Image-caption web data:
++++
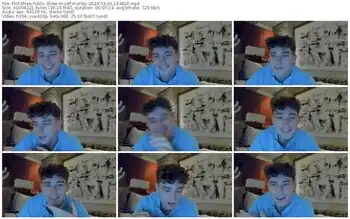 flirt4free-jeff-morley-03-06-2024-14-38-20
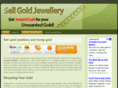 sellgoldjewellery.org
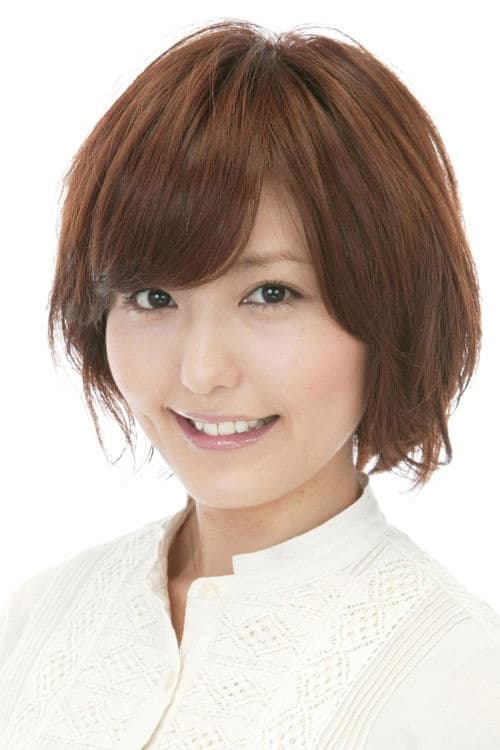 Ai Nonaka profile photo
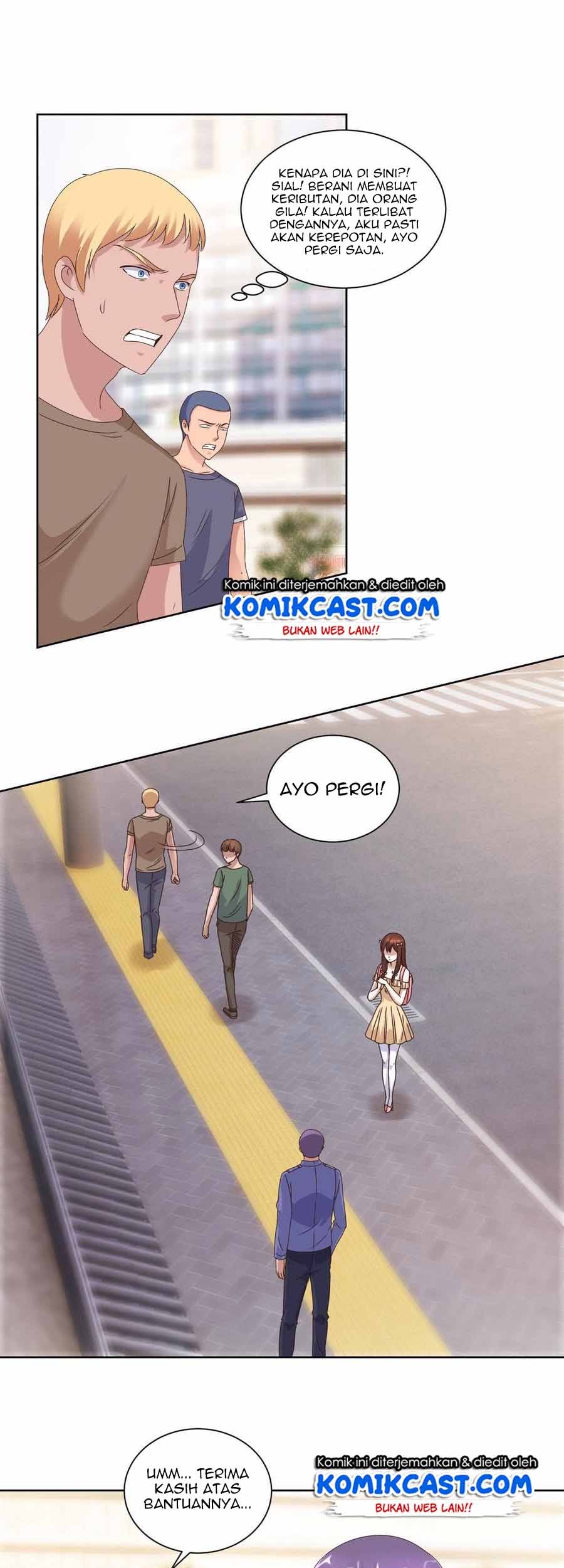 Halaman 12 dari 24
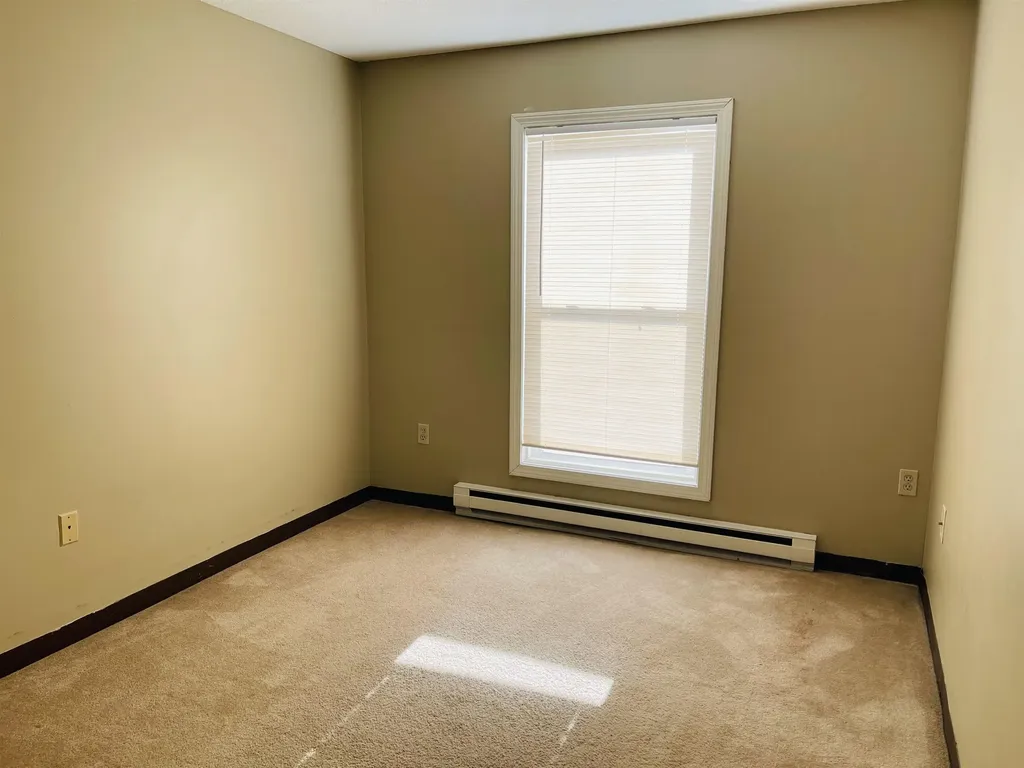 130 Eastern Avenue Manchester NH 03104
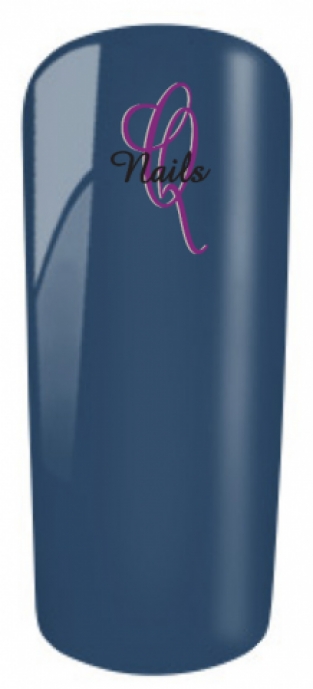 46 Galaxy Bleu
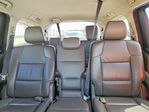 Honda Odyssey 2014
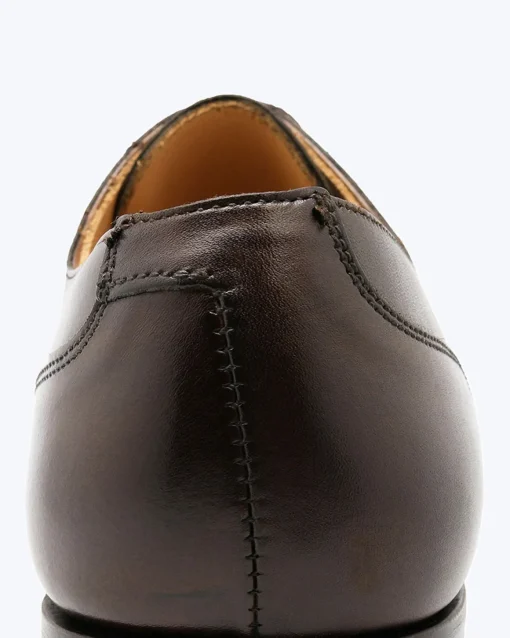 ZAPATOS ONSLOW CROCKETT & JONES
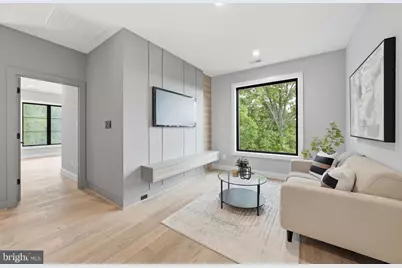 1806 Barbee Street, McLean, VA 22101 - Photo 23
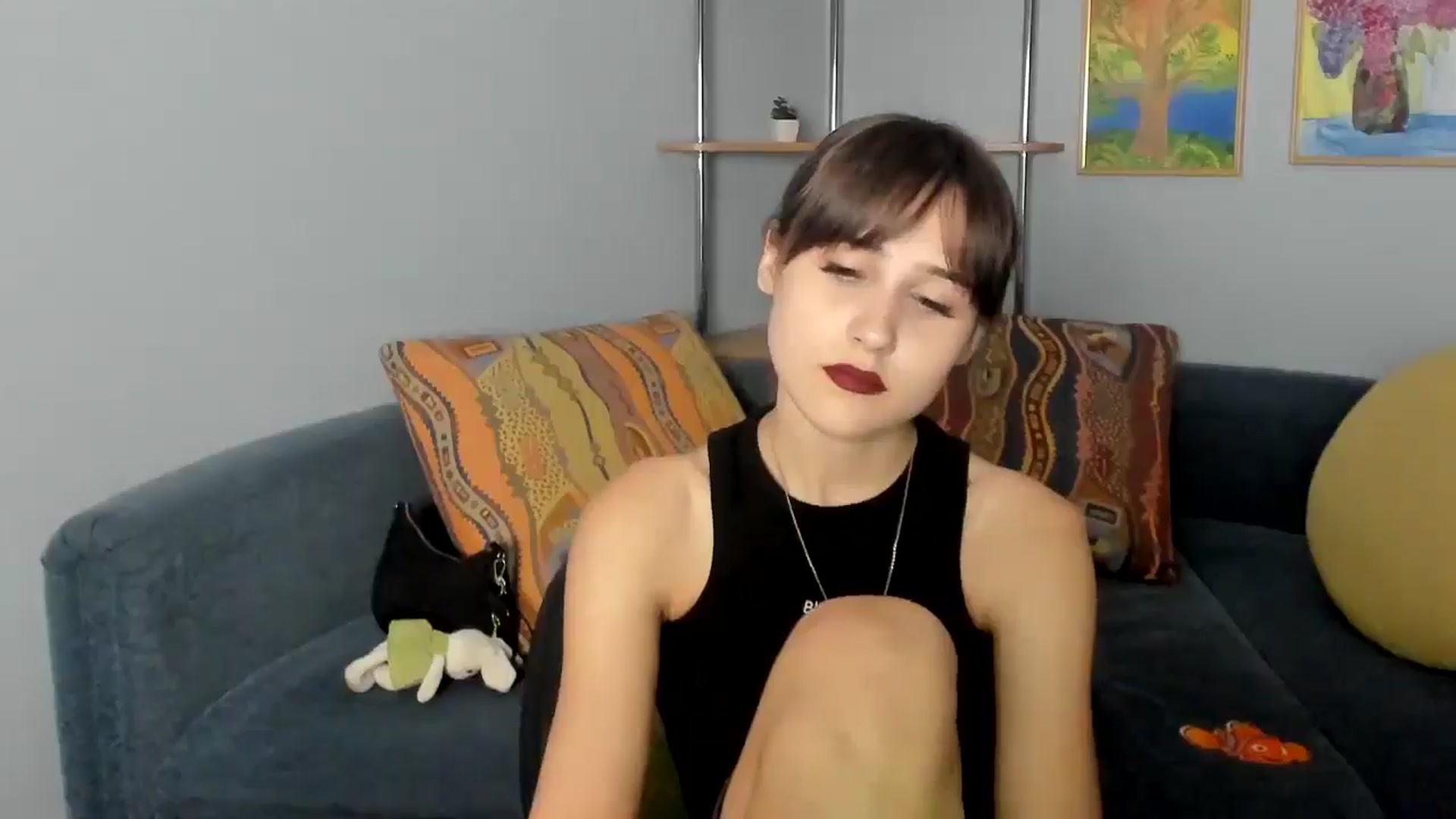 Gallery image thumbnail from Mary_Baxter's myfreecams stream on, 07/14/2025, 23:50 image 2 of 20
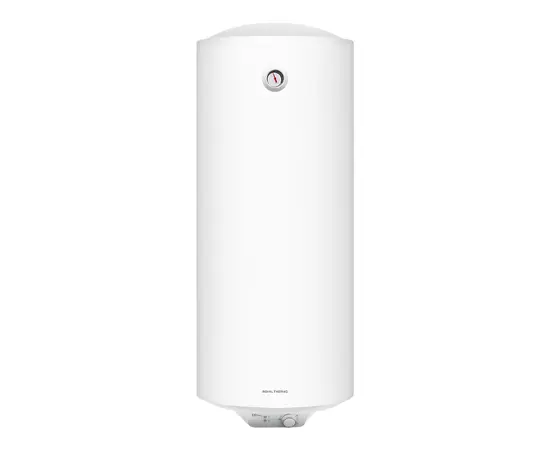 Royal Thermo RWH 150 DRYver, Объем, л: 150, - 2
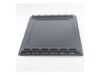 Oven Bottom Panel – Part Number: WPW10211368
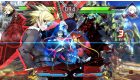 BlazBlue Cross Tag Battle Special Edition Day One Edition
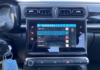 citroen-c3-1-5-bluehdi-100ch-s-s-plus - 880434713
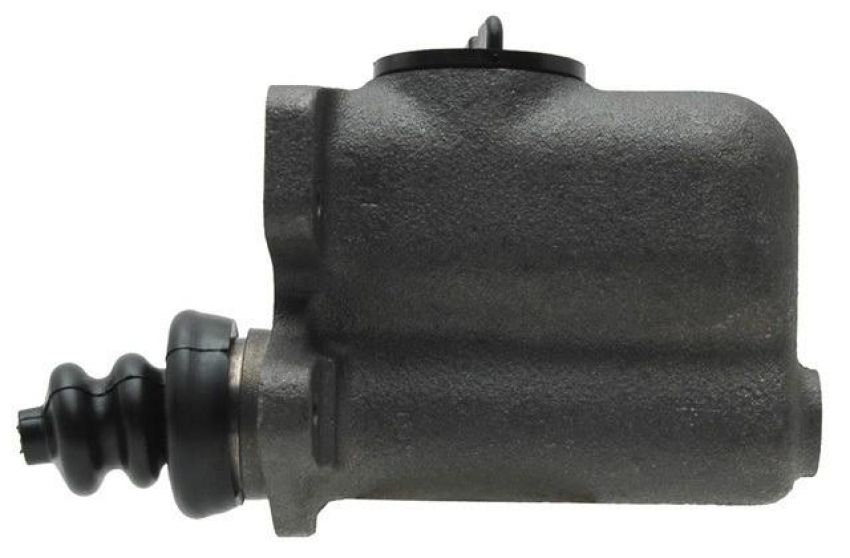 Raybestos MC23222 Raybestos Element3 New Master Cylinder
++++
Goal of the exercise: Please return only the lines from the one holding "46 Galaxy Bleu" through the end of the data, both ends included; do not copy any pictures.

Written reply:
 46 Galaxy Bleu
 Honda Odyssey 2014
 ZAPATOS ONSLOW CROCKETT & JONES
 1806 Barbee Street, McLean, VA 22101 - Photo 23
 Gallery image thumbnail from Mary_Baxter's myfreecams stream on, 07/14/2025, 23:50 image 2 of 20
 Royal Thermo RWH 150 DRYver, Объем, л: 150, - 2
 Oven Bottom Panel – Part Number: WPW10211368
 BlazBlue Cross Tag Battle Special Edition Day One Edition
 citroen-c3-1-5-bluehdi-100ch-s-s-plus - 880434713
 Raybestos MC23222 Raybestos Element3 New Master Cylinder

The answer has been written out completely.